A su vez Trotsky fue contundente: “Protestáis contra el blando y débil terror que estamos aplicando contra nuestros enemigos de clase, pero habéis de saber que, antes de que transcurra el mes, el terror asumirá formas muy violentas… la guillotina estará lista para nuestros enemigos, no ya simplemente la prisión”.

Y para acercarnos más en el tiempo y en el espacio, no podemos omitir el terror de los fusilamientos sumarios, los interrogatorios “severos” y el tratamiento punitivo a la disidencia en la Cuba revolucionaria, para concluir con una terrorífica cita del Che Guevara: “el odio como factor de lucha, el odio intransigente al enemigo que impulsa  más allá de las limitaciones naturales del ser humano y lo convierten en una efectiva, violenta, selectiva y fría máquina de matar. Nuestros soldados tienen que ser así, un pueblo sin odio no puede triunfar sobre un enemigo brutal. Hay que llevar la guerra hasta donde el enemigo la lleve: a su casa, a sus lugares de diversión, hacerla total.

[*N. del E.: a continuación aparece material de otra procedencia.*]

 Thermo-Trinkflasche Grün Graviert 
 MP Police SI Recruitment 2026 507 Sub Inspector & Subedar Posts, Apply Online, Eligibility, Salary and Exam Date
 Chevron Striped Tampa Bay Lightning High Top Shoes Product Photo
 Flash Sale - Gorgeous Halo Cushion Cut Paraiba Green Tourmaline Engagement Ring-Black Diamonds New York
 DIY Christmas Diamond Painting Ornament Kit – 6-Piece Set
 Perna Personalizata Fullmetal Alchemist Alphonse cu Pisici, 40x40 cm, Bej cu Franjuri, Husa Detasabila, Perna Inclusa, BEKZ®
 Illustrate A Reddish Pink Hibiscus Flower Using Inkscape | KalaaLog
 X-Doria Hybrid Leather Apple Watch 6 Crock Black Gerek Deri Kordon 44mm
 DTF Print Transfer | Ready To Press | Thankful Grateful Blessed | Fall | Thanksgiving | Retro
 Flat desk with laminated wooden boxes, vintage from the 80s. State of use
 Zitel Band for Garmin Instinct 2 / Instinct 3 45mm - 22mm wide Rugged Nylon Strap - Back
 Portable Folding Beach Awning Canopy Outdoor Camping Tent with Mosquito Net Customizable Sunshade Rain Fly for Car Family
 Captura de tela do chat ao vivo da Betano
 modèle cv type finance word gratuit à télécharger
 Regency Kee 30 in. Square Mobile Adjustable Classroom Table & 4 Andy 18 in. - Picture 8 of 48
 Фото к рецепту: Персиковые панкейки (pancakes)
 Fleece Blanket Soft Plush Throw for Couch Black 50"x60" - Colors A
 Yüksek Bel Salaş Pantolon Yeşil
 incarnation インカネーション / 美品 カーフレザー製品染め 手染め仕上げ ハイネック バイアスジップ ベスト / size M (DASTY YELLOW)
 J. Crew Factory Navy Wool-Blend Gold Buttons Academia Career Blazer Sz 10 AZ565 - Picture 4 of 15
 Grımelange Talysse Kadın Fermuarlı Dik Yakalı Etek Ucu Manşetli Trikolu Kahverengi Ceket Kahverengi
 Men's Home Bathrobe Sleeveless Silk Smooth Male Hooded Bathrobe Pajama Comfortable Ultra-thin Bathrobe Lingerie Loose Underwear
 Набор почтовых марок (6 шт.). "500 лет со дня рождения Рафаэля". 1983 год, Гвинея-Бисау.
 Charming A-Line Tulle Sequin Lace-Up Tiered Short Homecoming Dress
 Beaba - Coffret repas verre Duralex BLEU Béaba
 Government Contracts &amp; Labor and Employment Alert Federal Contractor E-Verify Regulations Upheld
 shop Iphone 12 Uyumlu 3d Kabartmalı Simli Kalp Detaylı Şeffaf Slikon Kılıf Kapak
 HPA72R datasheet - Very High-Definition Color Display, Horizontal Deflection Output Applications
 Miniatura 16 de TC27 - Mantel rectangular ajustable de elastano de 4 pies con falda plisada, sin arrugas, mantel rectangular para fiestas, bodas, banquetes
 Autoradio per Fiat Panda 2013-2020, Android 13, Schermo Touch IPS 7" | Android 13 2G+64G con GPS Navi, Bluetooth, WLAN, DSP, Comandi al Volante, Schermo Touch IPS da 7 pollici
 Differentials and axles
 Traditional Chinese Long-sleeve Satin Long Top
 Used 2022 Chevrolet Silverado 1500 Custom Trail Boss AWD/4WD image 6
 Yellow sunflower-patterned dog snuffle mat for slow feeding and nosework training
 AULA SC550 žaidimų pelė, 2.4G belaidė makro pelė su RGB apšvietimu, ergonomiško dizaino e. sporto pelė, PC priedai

Hay que impedirle tener un minuto de tranquilidad, un minuto de sosiego fuera de sus cuarteles y aún dentro de los mismos atacando donde quiera que se encuentre, haciéndolo sentir una fiera acosada por cada lugar que transite”.

El lector sacará las conclusiones en cuanto a quienes sembraron los vientos revolucionarios que trajeron las tempestades contrarrevolucionarias.